Using photos of one group of people as a warning to others can also be morally perplexing. For example, to attempt to prevent a self-destructive behavior, would it be ok to go into a hospital and, without the subjects' knowledge, take photos of people suffering from drug abuse, STD's, smoking, careless driving, or neglected diabetes? If not, would your answer be based on their location, that a hospital is a special place for privacy? Then what of the photographer whose motive is to save lives of young people by taking pictures of drug addicts languishing in a public park or on a sidewalk? Is this ok because the suffering occurs in a public space? Is it ok to take pictures of a toothless, lesion-riddled amphetamine addict who happens to be dozing with mouth open if the purpose is to "scare straight," for example? (In other words to use the sad images to frighten the viewer into avoiding destructive behavior.)

Finally, even trickier moral issues do arise for some photographers and their audience when the purpose of a photo is purely artistic, where the subject becomes no more important to the photographer than a bird or an interesting found still-life. I do not feel comfortable with such work even when the subject has been paid a nominal fee, especially when the "artiste" receives accolades for images made with thousands of dollars worth of equipment and a "tip" worth the price of a cup of coffee to the desperate subject. 

Also I do see street-photography as a sport (akin to birds-in-flight) as a somewhat coldblooded objectification of human beings.

No, I don't think pleasuring the egos of the artist, the viewer, or the curator to justify using unknowing (and perhaps unwilling) human subjects.

On the other hand, in most places in the USA, street photography is completely legal, and if remaining within the law satisfies ones conscience, who are we to condemn?

Surapon: Glad to see you back and, once again, posting provocatively!


----------



## Quasimodo (Apr 20, 2015)

If it is indeed a homeless person, or picturing extreem poverty, I think one has to a certain degree an ethical responsibility to take the shot. Homelessness and poverty are societal problems, and in our visually communicated lives, we need those type of Pictures to address inequality. In the Picture you posted, the face was not present, so It would not be an issue either way. 

just my two cents

G.


----------



## AcutancePhotography (Apr 20, 2015)

To me it is a question of empathy.

How much does the photographer care about the feelings of the subject?

There are some photographers who seem to have no empathy for their subject. If the photographer wants to take the photograph that's all that's important to the photographer. "It is all about me and what *I* want". 

There are more people in society than just the photographer. 

This is one of the many reasons I don't do, and would not be good at, street photography. I am always concerned with the feelings of the subject and realize that they may not want me, or anyone else, to take their photograph. Why would I want to do something that may make someone else unhappy or uncomfortable?

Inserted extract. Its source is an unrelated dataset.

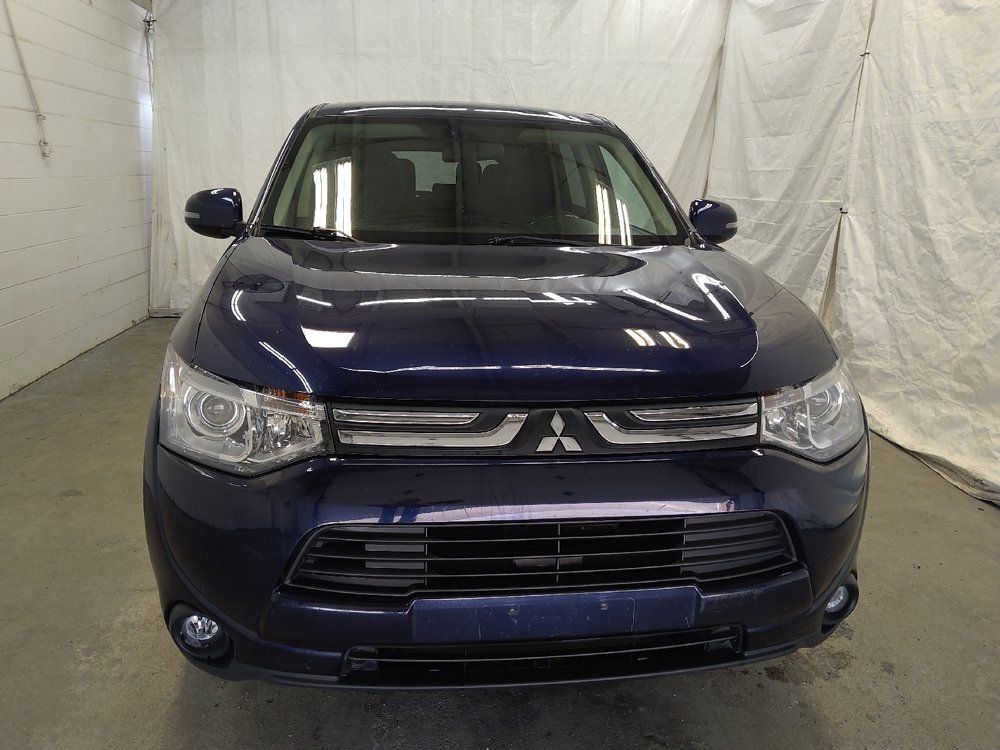 Used 2014 Mitsubishi Outlander GT AWD/4WD image 14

The fact that taking a photograph of someone in public is not illegal is only a small part of the equation. Whenever this topic come up on photography forums, the legal issue comes up and for many photographers that's the end of the discussion.

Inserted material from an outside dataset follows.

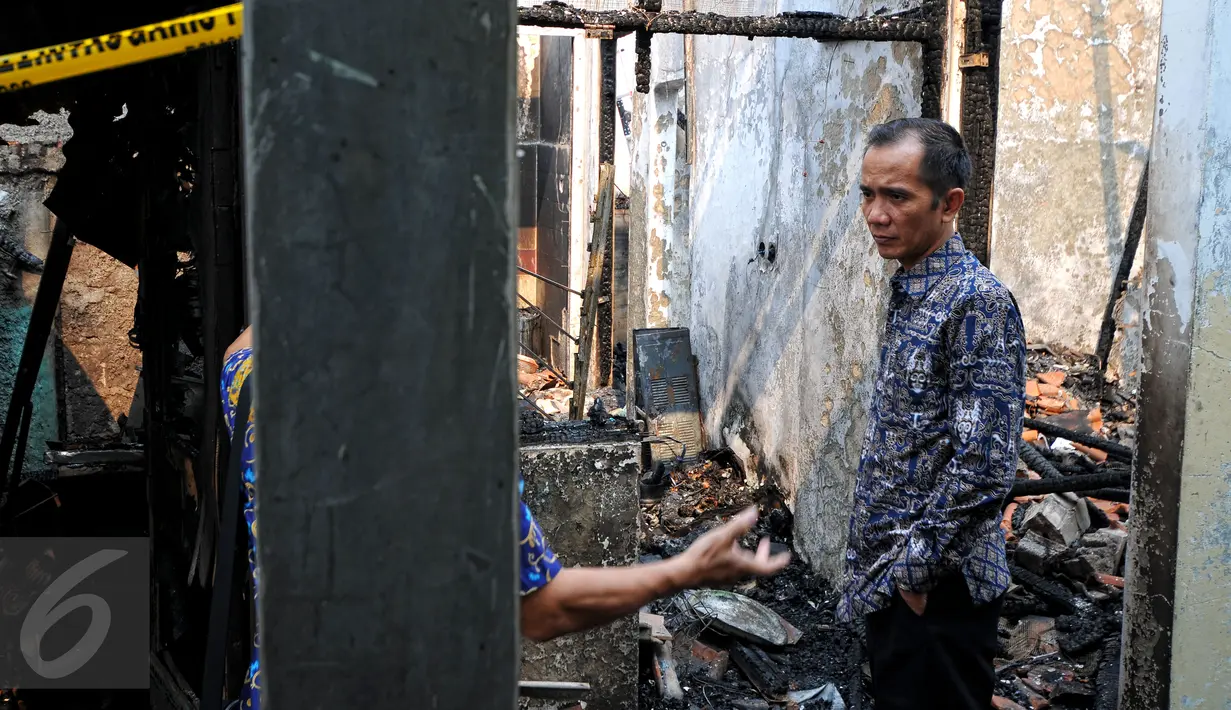 Ketua Komisi Nasional Hak Asasi Manusia Nur Kholis meninjau kantor Komnas Perlindungan Anak yang mengalami kebakaran, Jakarta, Senin (29/6/2015). Kedatangan Nur Kholis untuk melakukan investigasi terkait kebakaran tersebut. (Liputan6.com/Yoppy Renato)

To me, it is more complex. Simple because I can do something, does not mean that I should. 

As previously posted, everyone has their own set of morals and ethics. For some, these play a more important role than what is simple legal or illegal. 

A most complex and complicated issue.


----------



## lion rock (Apr 20, 2015)

After reading the replies here to Surapon's question on street photography on street people, I think Mr Surapon is not only an architect of building or equipment he uses, but also an architect of man. He raised a point and ask us to give our opinion to see how we feel of an idea. He gets us talking openly without reservation. He's in a way asking us to learn from ourselves. What a teacher he is!
Personally, I would take photos of any kind, and that includes the good, the bad and the ugly, though not staged. BUT, I will NOT show to the public. I would keep them to myself or show only to the select few. Human nature would be my title to this type of photography. It would remind us of who we are, what we are. I saw, even in museums, this type of photos, and it is part of our society. Whether the subjects gave permissions or were given compensation for their faces to be displayed, I don't know.
Mr Surapon, you keep coming up with your ideas and questions.
-r


----------



## YuengLinger (Apr 20, 2015)

lion rock said:


> After reading the replies here to Surapon's question on street photography on street people, I think Mr Surapon is not only an architect of building or equipment he uses, but also an architect of man. He raised a point and ask us to give our opinion to see how we feel of an idea. He gets us talking openly without reservation. He's in a way asking us to learn from ourselves. What a teacher he is!
> Personally, I would take photos of any kind, and that includes the good, the bad and the ugly, though not staged. BUT, I will NOT show to the public. I would keep them to myself or show only to the select few. Human nature would be my title to this type of photography. It would remind us of who we are, what we are. I saw, even in museums, this type of photos, and it is part of our society. Whether the subjects gave permissions or were given compensation for their faces to be displayed, I don't know.
> Mr Surapon, you keep coming up with your ideas and questions.
> -r



+1


----------



## surapon (Apr 20, 2015)

Thanks you, Sir/ Madame , to my dear Teachers and Dear Friends.
Yes, Past 2 days, I have learn some thing NEW and Let me thinks, Before I shoot. Yes, Sir, Past 50 years in my life , When I have my first Camera ( 16 years old boy), I shoot every thing that I see infront of me, With out thinking. Yes, When I come to USA, 41 years ago---I just Keep on shooting--Just Point and shoot style, with out thinking, Until 10 Years ago, I go to Local Community College in the night time from the PRO " Photographers 1 or 2 courses in every another semesters= Try to improve my skill of my love Hobby, Photography .
Past Two Years, I am very glad that Accidental see your " Canon Rumors" web site, and be a member. I am very glad in my life, And Have Learn the new things from my dear Teachers and Dear Friends, Plus share my small Tricks too.
Yes, I am very glad that I ask the question that I do not know, And I get the Best answers from you, Yes, Difference Opinion of you that make the world go round and plus Improve our IDEAS.
Thak you, Sir/ Madame.
Surapon


----------



## Orangutan (Apr 20, 2015)

sanj said:


> I feel that it is unethical for a photographer _not_ to photograph something he/she feels is interesting - visually or content wise.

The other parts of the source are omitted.